Reflecting on his journey, Akindipe had no home, no savings, and no safety net five years ago.
“What I did have was a relentless belief in the value of people — and the possibility of property.
“I didn’t have funding. I didn’t have backing. I barely had a place to sleep,” he narrated.
ACE Real estate, his brand, has since delivered over 100 housing units across Nigeria, remained 100% debt-free, and created jobs for thousands — all without external funding.
In a real estate market flooded with speculative development and risky loans, Akindipe’s approach is radical, which is “don’t owe what you can’t repay, and don’t promise what you can’t build”.
“People think growth must come from leverage. But we’ve shown that financial independence can also scale,” he said.

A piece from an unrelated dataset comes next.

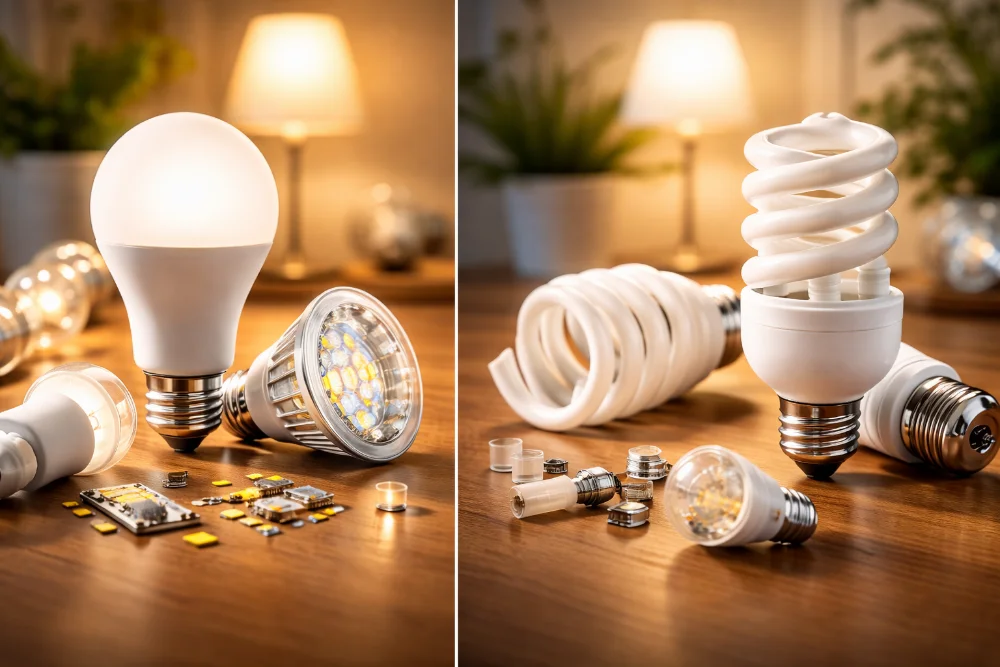 LED і люмінесцентні лампи на столі у домашньому інтер’єрі для порівняння освітлення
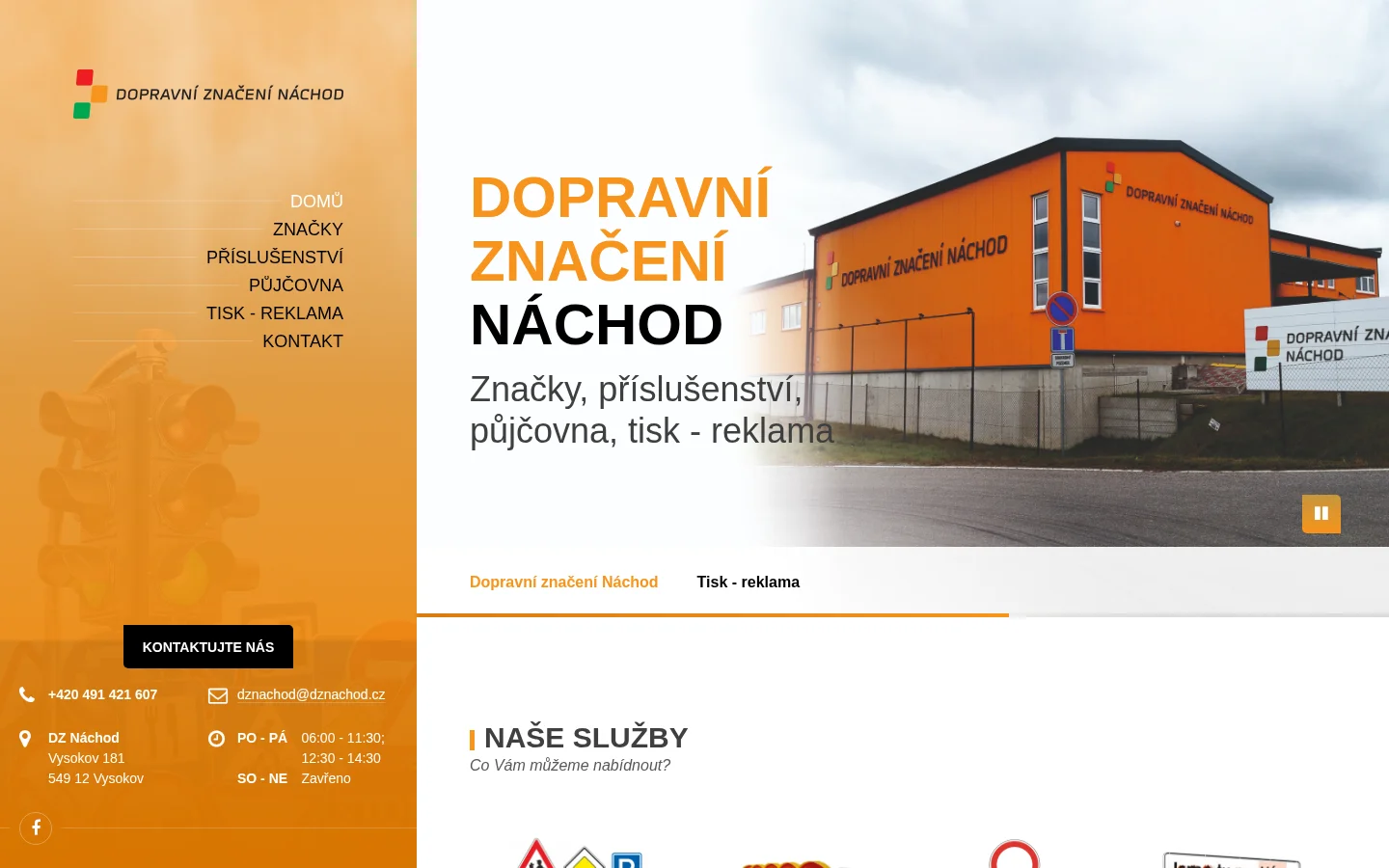 Dopravní značení Náchod, s.r.o. website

Through ACE Academy, his educational initiative, over 25,000 young Africans have received free training in real estate and entrepreneurship.
“We’ve watched street hawkers become property consultants. It’s not just about houses — it’s about giving people back their agency,” he noted.
Many of those trained through ACE now earn substantial incomes, own property, and run independent firms — a ripple effect Ayobami refers to as “Our real ROI: return on impact.”
Today, Ayobami is expanding beyond Nigeria. With platforms like PropStock — a proptech innovation aimed at making global real estate investment accessible to Africans — and housing projects like Ibile City and Bless Resort, he’s reimagining what inclusive development could look like on the continent.
Prior to the Forbes’s acknowledgement, Akindipe has been a quiet symbol of hope for years. His journey — from sleeping on sidewalks to reshaping skylines — isn’t merely inspirational; it’s instructional.
According to him, “In a country where the odds are stacked and the system uneven, we have proven that faith, strategy, and service still work.
“And now, it’s also history — written not in headlines or hashtags, but in housing units, healed families, and hope restored.”